An H-1B visa holder may petition for Permanent Residency (Green Card), because of the "dual intent" nature of the H-1B visa. An H-1B holder may enter and exit the U.S. at any time, even after a Permanent Residency petition has been filed.

U.S. immigration laws and USCIS (Bureau of Citizenship and Immigration Services) regulations allow the H-1B holder to have "dual intent" with respect to his or her intent to immigrate to the United States. Therefore, an individual seeking the temporary right to work in the U.S. with an H-1B visa may also petition for permanent U.S. residence in the future. One does not preclude the other. This means that H-1B foreign specialty workers are not required to maintain foreign residence and may seek permanent residence in the U.S.

Even though the H-1B visa is a non-immigrant visa, it is one of the few visa categories recognized as dual intent, meaning an H-1B holder can have legal immigration intent to apply for and obtain the U.S. Green Card,  while still being a holder of the H-1B visa. 

In the past, the employment-based Green Card process used to take only a few years, less than the duration of the H-1B visa itself. However, in recent times, the legal employment-based immigration process has backlogged and retrogressed to the extent that it now takes many years for skilled professional applicants from certain countries (like India and China) to obtain their Green Cards. Since the duration of the H-1B visa has not changed, this has meant a lot more H-1B visa holders have to renew their visas in 1 year or 3 year increments, to continue to be in legal status while their Green Card application is in process.

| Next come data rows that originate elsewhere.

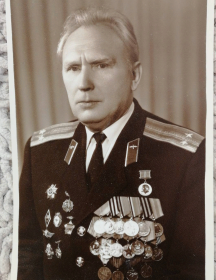 Иванов Валентин Иванович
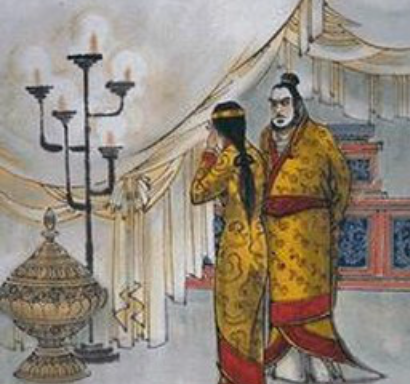 红颜祸水？——战国宠妃郑袖的权谋人生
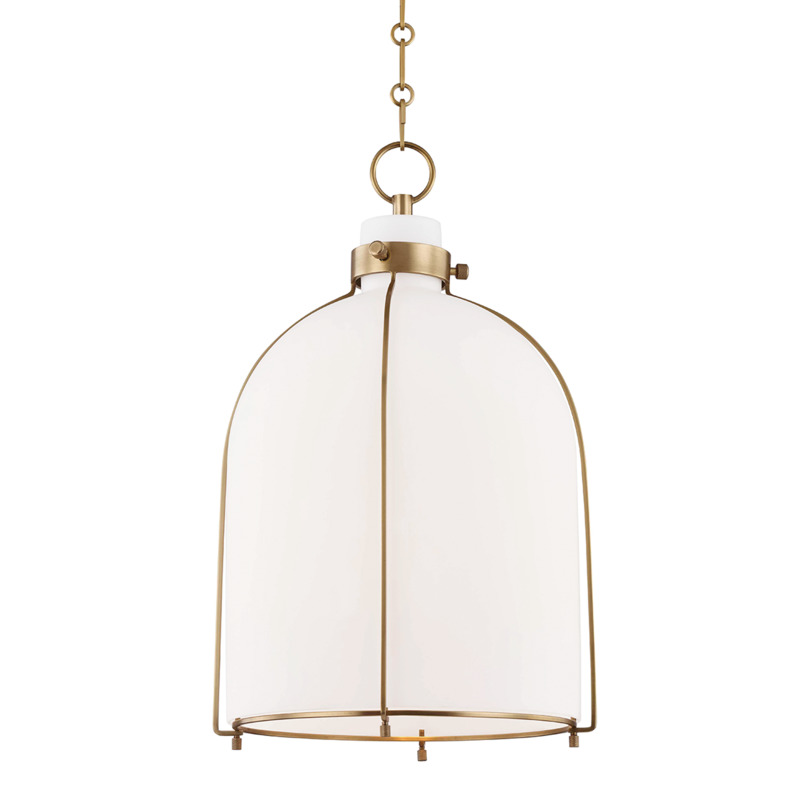 1 LIGHT B PENDANT 7314 AGB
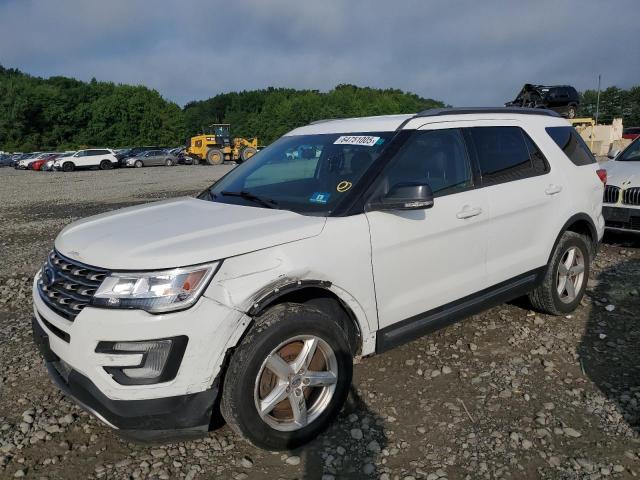 2017 FORD EXPLORER XLT,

3. Ability to Change Employers

An H-1B visa holder may change the status to any other nonimmigrant status if he or her is eligible for. An H-1B visa holder may transfer employers easily under the H-1B Portability Act. The alien employee may begin working for the new employer as soon as the new H-1B transfer petition is submitted to USCIS.

The employer and location of employment may be changed during the six-year H-1B status duration, as soon as the new employer files a new H-1B petition on behalf of the alien individual, who is in lawful H-1B status at the time of filing, and has not engaged in any unauthorized employment since his or her last lawful admission.

An alien employee may change employers, and it will not affect his adjustment of status provided he or she has filed an I-485 for at least 180 days, and continues to work in the same or similar position for the new employer.